What details suggest that Dr. Manette's captivity has changed him in A Tale of Two Cities?
It is clear from Chapter Six of Book the First that the long years of captivity have had an incredibly negative impact on the life of Dr. Manette, as this chapter shows that he has lost all sense of his former identity, and indeed of having any identity at all apart from being known as "One Hundred and Five, North Tower," and mending shoes. Note the first description we are given of him as Monsieur Defarge leads Mr. Lorry and Lucie Manette into his room:
The faintness of the voice was pitiable and dreadful. It was not the faintness of physical weakness, though confinement and hard fare no doubt had their part in in it. Its deplorable peculiarity was, that it was the faintness of solitude and disuse. It was like the last feeble echo of a sound made long and long ago. So entirely had it lost the life and resonance of the human voice, that it affected the senses like a once beautiful colour faded away into a poor weak stain. So sunken and suppressed it was, that it was like a voice underground. So expressive it was, of a hopeless and lost creature, that a famished traveller, wearied out by lonely wandering in a wilderness, would have remembered home and friends in such a tone before lying down to die.

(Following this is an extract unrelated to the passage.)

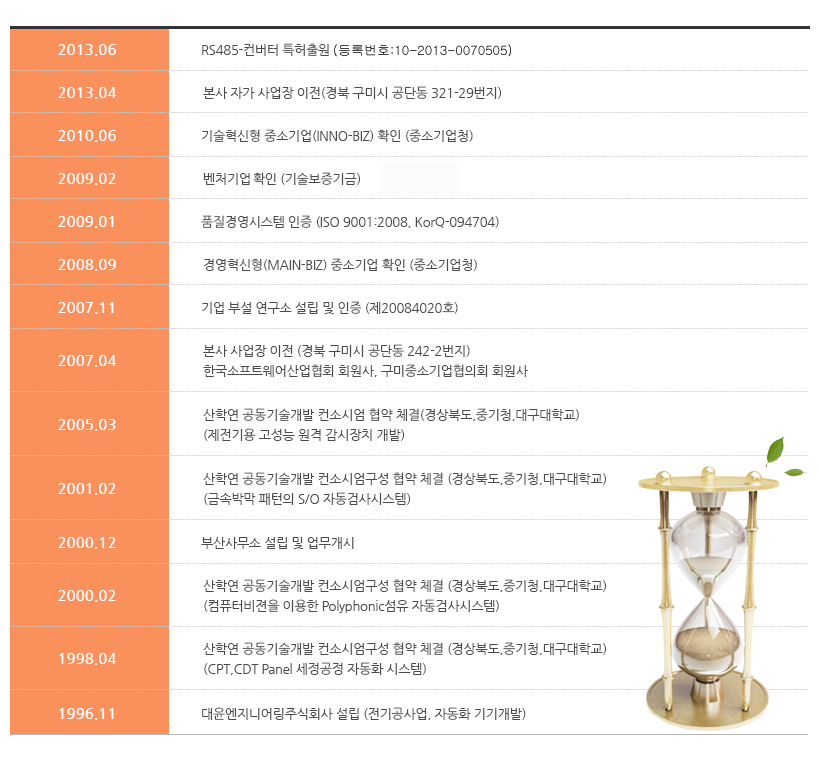 af2565b539f43dd361592294d0adcb58_1439875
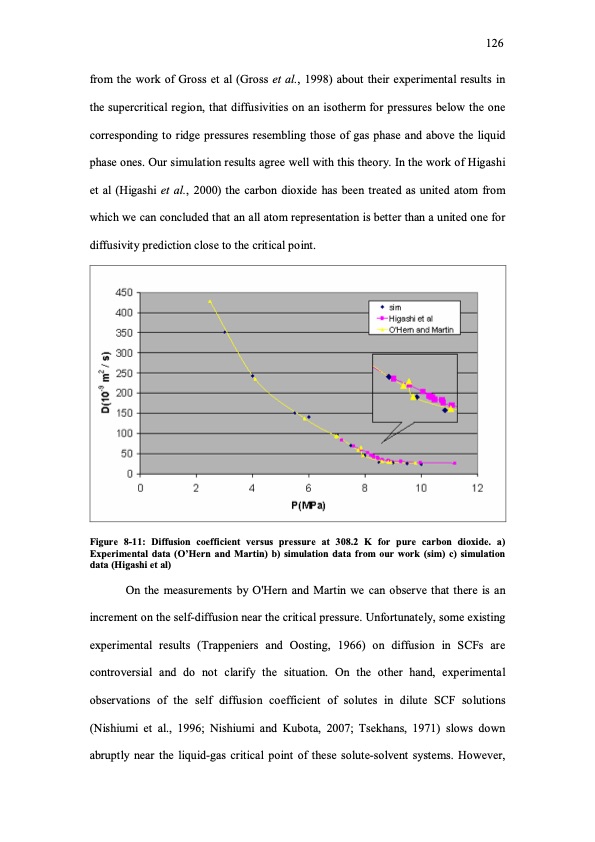 molecular-simulation-studies-insupercritical-region-136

Note how this barrage of description presents Dr. Manette as being literally a shadow of his former self. He has not used his voice much at all, and his voice is compared to being a once vibrant colour that is now nothing more than a pale "weak stain." His voice is reminiscent of death and abandonment. The way in which he has no memory of being anything else than a prisoner and a mender of shoes clearly shows the way that his captivity has impacted him mentally as well as physically, reducing him to nothing more than a pair of "haggard eyes" and a weak, frail, old man. It is only the love and care of his daughter that manages to resurrect him, bringing him metaphorically back to life, as Mr. Lorry's cryptic message explains.